Un sexto sentido me hizo intuir los escasos metros que me separaban del suelo. Flexioné las piernas y no tuve que esperar casi nada. El contacto del suelo con mis pies me lo confirmó. Sentí un leve mareo y caí de rodillas apoyándome con las manos. Así, a cuatro patas, me repuse en un instante, quizá era la tensión y un poco de temor pues ignoraba dónde podría encontrarme en suelo extranjero. Me rehice raudamente, levantándome. Me quité el arnés, desabrochándolo y recogí la tela del paracaídas que estaba toda en el suelo. Me costaba ver mi entorno rodeado de tanta oscuridad, de tan aterrador silencio, parecía que me rodeaba la nada, el vacío más absoluto. Entonces vi a un compañero que me hizo una seña para que me escondiera mi paracaídas junto al suyo en unos arbustos. Ya se podía ver con más claridad pese a que la luna era nueva. Andamos juntos unos metros y progresivamente fueron acudiendo los demás que habían saltado con nosotros.

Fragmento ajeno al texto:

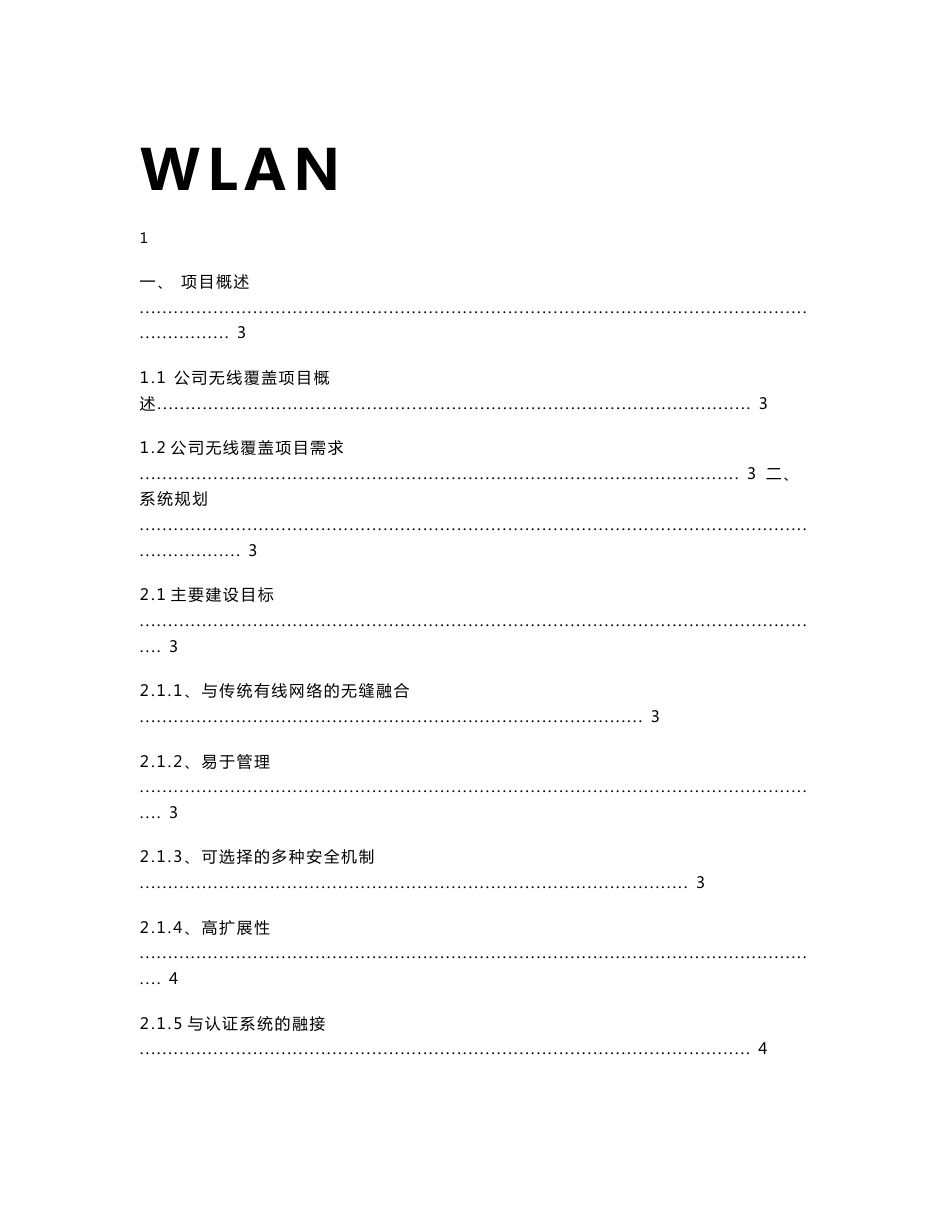 企业无线网络方案--真正实现无缝漫游，效果非常完美！_第1页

El encargado de las transmisiones dispuso la radio para comunicar nuestra llegada al frente sin novedad. Un vez lo hizo, una voz confusa y distorsionada salió de aquel aparato. Como todo estaba en el más sepulcral silencio, la frase que retransmitieron nos dejó helados conteniendo la respiración. Desde nuestra posición se pidió que volviera a repetir lo que habían dicho. Otra vez oímos la misma frase pero ahora sin dudas y con más claridad.
OTRA VOZ EN OFF.-Gracias por todo y enhorabuena. ¡Se ha acabado la guerra! ¡Viva la paz!
VOZ EN OFF.-Algunos comenzaron a gritar como unos posesos, otros saltaban descontrolados de alegría. También había quien se quedó clavado en el suelo sin mover ni una pestaña, sin llegar a creérselo del todo. A mi se me aflojaron las piernas y caí de rodillas como hacía unos momentos. De nuevo se me nubló todo y me vi con mi familia, volviendo a casa, siendo recibido por todos los amigos y por supuesto por Mónica, que me recibiría como si de un héroe se tratase. La alegría y el sentimiento invadieron mi alma, mi cuerpo y mi corazón. Me percaté que estaba llorando como un niño.
Pero, ¿qué era yo sino un niño asustado con veintiún años recién cumplidos? Un niño que tan sólo quería... tocar el cielo.